А он стоит, и слезы у него так и капают… Ладно-хорошо… А на Воздвиженье приехали ко мне родные первый раз. Сестра да тетка. Привезли мне кое-что из одеянья да из обувки. Так и живу я у матушки Августы. Я у нее три года жила. Она меня любила. Если расстроится, не ругается — только скажет, бывало: «Ты, дорогая моя, ангел мой, как казанок, в самом деле». Лет ей было семьдесят с лишком. Она была у нас самая первоначальная монахиня, прямо в лес пришла. Первая Игуменья была Августина, по-мирскому Анна Она была за священником замужем, полгода жила, он и умер. И был тогда старец Варнава, он ей благословил пешком сходить в Иерусалим, два года она ходила, потом опять к нему пришла. Он ее благословил: «Иди в это место и не оглядывайся». А тут всего-то была одна келейка да часовня… И пришло с нею шесть человек — матушка Августа моя, шестнадцати лет, матушка Таисия, регент наш, — зиму и лето босиком ходила и в бане не бывала — так жила. И еще четверо. Стали к ним приходить и другие сестры, стало двенадцать человек. Тут они домик выстроили, тесно в келье стало. Стали жить. И вот кто-то этот домик поджег. Среди ночи. Все у них сгорело. И они снова стали строить. И умерла матушка Игуменья Августа ста трех годов. Монастырь уж большой стал — землю им барин Лытиков пожертвовал. Два священника у нас было да диакон. Потом уж один стал: иеромонах отец Антонин помер потом, один остался — отец Петр. Его потом выслали и там, в ссылке, заморозили на Межвежьей горе. Его и отца Димитрия Воскресенского.
В прорубь их опускали. Опустят, поморозят — лед схватится на них, потом опять опускают…
Это уже в тридцать седьмом году, в резоляцию, когда нас всех поголовно забирали. А лес вокруг был дремучий. До самого Архангельска полоса, и уже двенадцати верст ни в каком месте эта полоса не была. Медведей много было. Я, помню, коров пасла в скиту от Егория до Покрова. Коровы пройдут, телята сзади — а в середке-то медведи ходят. Сорок лет монастырь существовал, и ни одной не повалили они у нас. А как нас разогнали, да «скуйскую» артель сделали, так начали валять коров — я те дам… Семнадцать штук повалили медведи. Два пастуха пошли, да и с ружьями. А у нас, мы пасли — только дудка… А сестры на меня поначалу роптали.

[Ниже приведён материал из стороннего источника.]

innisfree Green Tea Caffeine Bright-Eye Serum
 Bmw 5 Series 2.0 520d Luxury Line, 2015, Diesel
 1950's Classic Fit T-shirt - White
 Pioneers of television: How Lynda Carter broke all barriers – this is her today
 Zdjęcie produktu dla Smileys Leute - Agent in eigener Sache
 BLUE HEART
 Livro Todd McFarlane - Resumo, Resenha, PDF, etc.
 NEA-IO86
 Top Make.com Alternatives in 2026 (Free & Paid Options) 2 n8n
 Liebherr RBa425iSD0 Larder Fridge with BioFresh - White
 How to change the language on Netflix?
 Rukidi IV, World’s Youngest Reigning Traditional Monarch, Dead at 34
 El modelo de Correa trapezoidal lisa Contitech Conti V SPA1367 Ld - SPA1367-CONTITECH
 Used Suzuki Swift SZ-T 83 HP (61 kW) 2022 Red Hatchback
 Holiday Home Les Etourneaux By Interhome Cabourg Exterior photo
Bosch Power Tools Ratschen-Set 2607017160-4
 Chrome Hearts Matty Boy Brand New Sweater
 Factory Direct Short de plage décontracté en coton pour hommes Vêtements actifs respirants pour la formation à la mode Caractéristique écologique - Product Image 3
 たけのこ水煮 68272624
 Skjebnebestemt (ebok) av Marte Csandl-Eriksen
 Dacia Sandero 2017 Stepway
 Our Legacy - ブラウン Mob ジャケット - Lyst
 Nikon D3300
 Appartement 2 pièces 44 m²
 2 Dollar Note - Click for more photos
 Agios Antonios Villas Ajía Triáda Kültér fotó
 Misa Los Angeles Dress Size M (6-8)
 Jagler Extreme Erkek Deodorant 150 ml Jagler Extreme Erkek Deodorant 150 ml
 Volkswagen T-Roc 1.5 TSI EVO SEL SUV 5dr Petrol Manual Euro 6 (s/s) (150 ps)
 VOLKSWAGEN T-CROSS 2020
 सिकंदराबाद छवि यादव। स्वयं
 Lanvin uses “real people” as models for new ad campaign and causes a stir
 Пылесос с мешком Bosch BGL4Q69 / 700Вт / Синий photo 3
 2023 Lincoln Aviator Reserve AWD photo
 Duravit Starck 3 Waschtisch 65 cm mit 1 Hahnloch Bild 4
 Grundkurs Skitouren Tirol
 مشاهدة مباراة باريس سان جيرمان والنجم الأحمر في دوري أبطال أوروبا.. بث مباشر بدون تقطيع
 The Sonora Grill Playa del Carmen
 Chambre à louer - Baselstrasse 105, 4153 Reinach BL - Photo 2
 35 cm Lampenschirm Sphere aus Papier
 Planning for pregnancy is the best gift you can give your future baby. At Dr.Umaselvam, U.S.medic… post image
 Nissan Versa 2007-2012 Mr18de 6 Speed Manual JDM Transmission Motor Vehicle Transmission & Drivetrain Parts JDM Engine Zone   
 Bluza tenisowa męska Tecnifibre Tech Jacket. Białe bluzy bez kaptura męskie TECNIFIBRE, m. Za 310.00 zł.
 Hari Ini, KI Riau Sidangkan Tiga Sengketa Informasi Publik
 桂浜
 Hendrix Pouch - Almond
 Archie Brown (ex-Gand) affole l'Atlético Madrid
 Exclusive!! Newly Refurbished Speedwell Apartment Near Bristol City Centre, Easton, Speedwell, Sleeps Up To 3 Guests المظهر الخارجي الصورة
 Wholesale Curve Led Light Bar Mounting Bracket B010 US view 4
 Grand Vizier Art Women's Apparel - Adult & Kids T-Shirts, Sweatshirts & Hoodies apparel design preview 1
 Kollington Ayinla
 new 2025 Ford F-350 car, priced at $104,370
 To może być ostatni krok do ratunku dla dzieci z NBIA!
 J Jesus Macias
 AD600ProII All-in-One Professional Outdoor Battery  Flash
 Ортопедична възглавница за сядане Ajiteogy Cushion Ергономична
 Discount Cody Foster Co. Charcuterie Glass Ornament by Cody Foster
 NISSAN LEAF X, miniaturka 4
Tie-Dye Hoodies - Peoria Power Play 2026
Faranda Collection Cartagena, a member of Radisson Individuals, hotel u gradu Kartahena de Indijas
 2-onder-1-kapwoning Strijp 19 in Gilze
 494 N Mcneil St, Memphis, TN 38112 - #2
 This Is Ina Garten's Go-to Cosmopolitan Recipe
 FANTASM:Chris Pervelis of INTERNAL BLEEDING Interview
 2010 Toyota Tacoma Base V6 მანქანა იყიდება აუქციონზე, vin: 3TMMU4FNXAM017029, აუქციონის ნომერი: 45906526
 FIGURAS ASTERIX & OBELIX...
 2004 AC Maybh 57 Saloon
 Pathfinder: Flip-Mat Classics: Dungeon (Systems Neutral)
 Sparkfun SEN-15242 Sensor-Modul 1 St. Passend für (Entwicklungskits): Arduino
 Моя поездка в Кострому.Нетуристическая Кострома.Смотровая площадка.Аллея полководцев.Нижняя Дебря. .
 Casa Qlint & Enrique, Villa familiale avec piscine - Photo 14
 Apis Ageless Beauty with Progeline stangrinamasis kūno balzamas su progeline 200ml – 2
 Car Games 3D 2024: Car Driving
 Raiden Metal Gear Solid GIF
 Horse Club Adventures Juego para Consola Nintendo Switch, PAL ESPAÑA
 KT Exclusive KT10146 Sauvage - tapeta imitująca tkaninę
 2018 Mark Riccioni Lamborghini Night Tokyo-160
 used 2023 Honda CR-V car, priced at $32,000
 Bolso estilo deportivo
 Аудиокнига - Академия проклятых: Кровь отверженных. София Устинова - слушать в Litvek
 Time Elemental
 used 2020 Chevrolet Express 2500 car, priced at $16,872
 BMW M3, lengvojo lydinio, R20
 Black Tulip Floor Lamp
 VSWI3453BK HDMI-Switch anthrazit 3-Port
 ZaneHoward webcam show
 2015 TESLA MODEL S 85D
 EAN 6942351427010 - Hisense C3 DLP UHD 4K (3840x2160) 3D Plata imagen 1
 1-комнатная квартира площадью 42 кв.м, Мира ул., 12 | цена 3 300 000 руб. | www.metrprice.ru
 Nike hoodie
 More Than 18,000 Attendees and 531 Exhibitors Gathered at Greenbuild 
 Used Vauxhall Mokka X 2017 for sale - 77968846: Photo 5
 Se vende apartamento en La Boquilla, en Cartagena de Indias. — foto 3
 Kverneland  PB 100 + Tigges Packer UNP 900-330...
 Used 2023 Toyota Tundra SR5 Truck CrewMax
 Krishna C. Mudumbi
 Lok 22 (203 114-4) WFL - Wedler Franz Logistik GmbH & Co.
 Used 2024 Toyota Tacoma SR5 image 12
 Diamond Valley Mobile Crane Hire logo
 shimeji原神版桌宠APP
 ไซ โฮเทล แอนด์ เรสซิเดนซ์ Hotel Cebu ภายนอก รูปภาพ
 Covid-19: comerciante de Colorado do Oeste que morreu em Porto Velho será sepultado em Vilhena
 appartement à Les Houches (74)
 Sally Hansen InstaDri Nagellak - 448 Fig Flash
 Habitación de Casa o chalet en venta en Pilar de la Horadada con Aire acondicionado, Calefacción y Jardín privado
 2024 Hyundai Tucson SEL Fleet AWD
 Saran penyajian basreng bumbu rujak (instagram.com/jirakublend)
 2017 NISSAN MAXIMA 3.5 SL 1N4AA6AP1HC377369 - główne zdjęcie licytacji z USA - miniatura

Зачем меня, такую, только пришла из миру — а уж в рясу одели и на клирос хотят поставить? А там все на работу идут — поют, а я к ним и приставала. А у меня пение было не хуже ихнего, я уж ноты знала… «Вот, — говорят, — хотят на клирос поставить, а надо бы на скотном года три. Кажная живет па скотном. Пришла какая-то из миру, соплятая девка деревенская…» Которая чего скажет. Ведь им обидно. И я сознаю, что обидно. А работы у нас очень много было.
Не было времени, чтобы не работать. Осенью да зимой — лес. Один собор отопить в день — воз дров. Да три корпуса, их надо отопить. Да государству — лесозаготовка. Летом — сенокос, поля. Сено возить надо. Скотный двор — сорок дойных коров в монастыре, восемнадцать дойных в скиту.
Каждый год гектар вырубим леса, выкорчуем пенья, каждый год. Большое хозяйство.
Десять лошадей езжалых да две обучать… А я на лошади наездник, не хуже цыгана буду. Я до чего любила лошадей. Был у меня жеребенок Соколик, вороной битюг. Он никому не дастся, только я да мать Клавдия — конюх. А так никому не дастся. Большой шаг у него был, широкий. А в хлев к нему никто, кроме меня и матушки Клавдии, зайти не мог. Я помню, уж и монастырь разогнали, я на приходе служила и шла к ним на всенощную под Севастианов день.
Там еще семнадцать старух жило, и в трапезной служба была. Отец Сергей, диакон наш, служил, его уж в священники посвятили. И вот иду, а эти артельные муку с мельницы везут. Я как увидела: «Соколик!» Он и остановился. Он стоит, и я стою… Они его и стронуть не могут.